Elizabeth The Golden Age
In 1999, Cate Blanchett received an Oscar nomination for her portrayal of the "Virgin Queen" who became England's monarch despite a troubled accession. Now both Blanchett and Geoffrey Rush who played her resourceful advisor, Sir Francis Walsingham, reprise their roles in Elizabeth: The Golden Age.
Still single and childless, the spectacularly attired Elizabeth I is besieged by tiresome political wrangling and increasingly younger suitors who want to form an alliance with the sovereign and secure their chance at her throne. Her courtiers are also concerned with the lack of an heir apparent and the civil instability that may result. But Elizabeth herself, at least publicly, seems more interested in affairs of state than marriage.
Governing during turbulent years of Catholic and Protestant unrest, the Queen is under constant threat from religious fanatics and eventually finds herself the target of an assassination plot by her cousin, Mary Queen of Scots (Samantha Morton). As well, King Philip II of Spain (Jordi Moll), eager to restore the Protestant England to Catholicism, is engaged in preparations to attack the coast.
But while traitors and warmongering rage around her, the Queen's private life is also in turmoil. Arriving at the castle, Sir Walter Raleigh (Clive Owen), a high seas adventurer, is the first man seemingly more interested in Elizabeth as a woman than a regent. Without the usual flattery of a suitor, Raleigh befriends the Queen and absorbs her attention with tales of discovery and piracy. Although she knows he is an unsuitable marriage choice, she encourages her aid, Bess (Abbie Cornish), to keep close to the man. Later, jealousy ensues when the proximity between her favorite lady-in-waiting and Raleigh results in a growing romance and illicit affair.
However with the Spanish Armada bearing down on the country, the Queen has to put aside personal matters to deal with the danger. Unfortunately it's these war measures that push this monarchy out of the realm of family viewing, Graphic depictions of bloody bodies, dark, dank torture chambers and impaling are shown along side gruesome battle scenes aboard the naval ships. Likewise, suspected traitors are summarily beaten, beheaded, stabbed or hanged.

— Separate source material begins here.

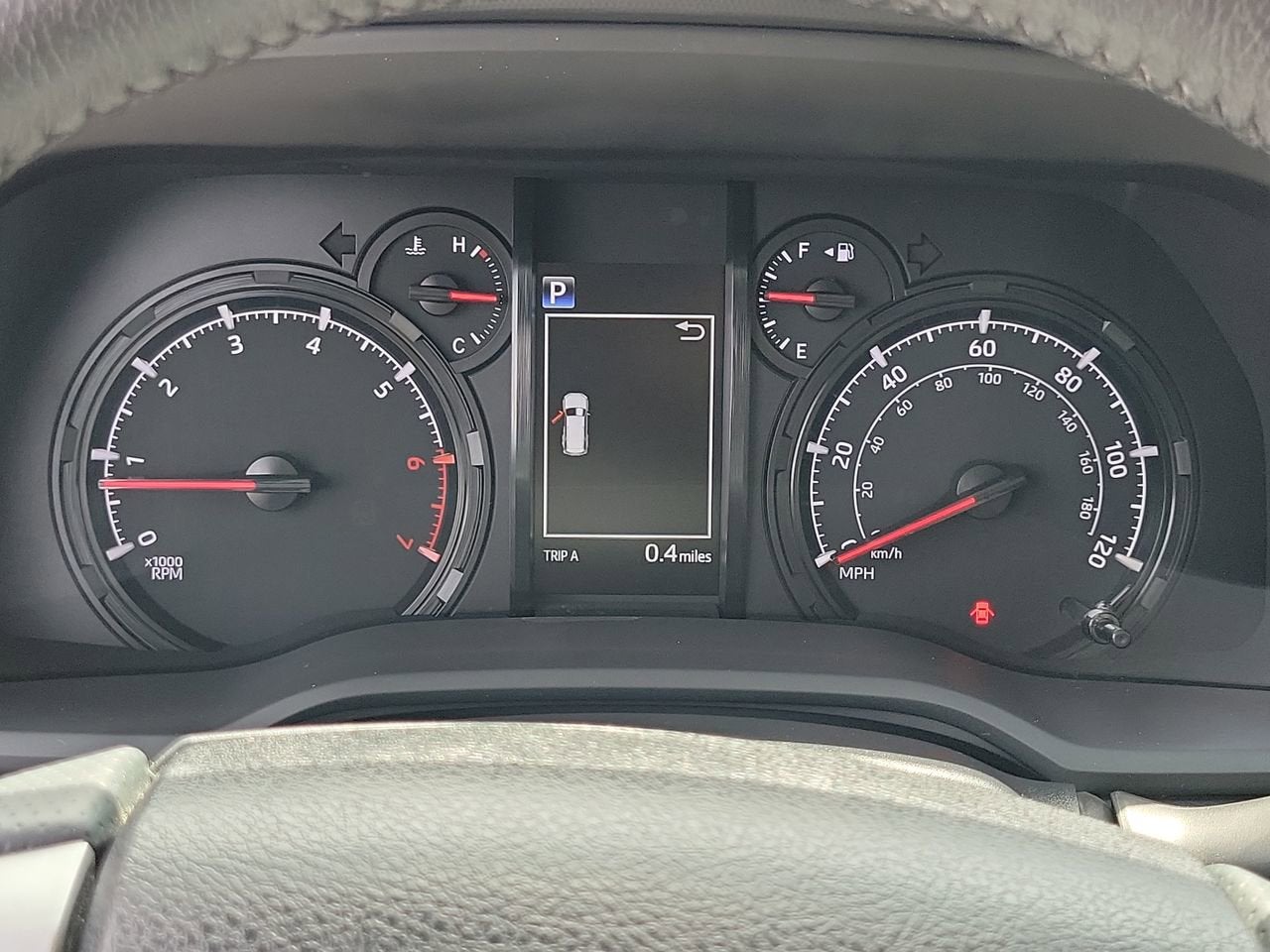 2020 Toyota 4Runner SR5 Premium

Equally problematic is the film's inability to connect audiences with the detached ruler who, of her own admission, puts up barriers between the citizens and herself. Dissipating any romantic notions about being a royal, the script depicts the heartache and loneliness suffered by monarchs who were often pawns in their court's governmental schemes. With intrigues and deceptions often confusing to follow (and likely to bore most teens), the production focuses instead on extravagant costumes and intricate sets. Yet while those visuals may be pretty to look at, this script needs more than a little buffing to really shine like gold.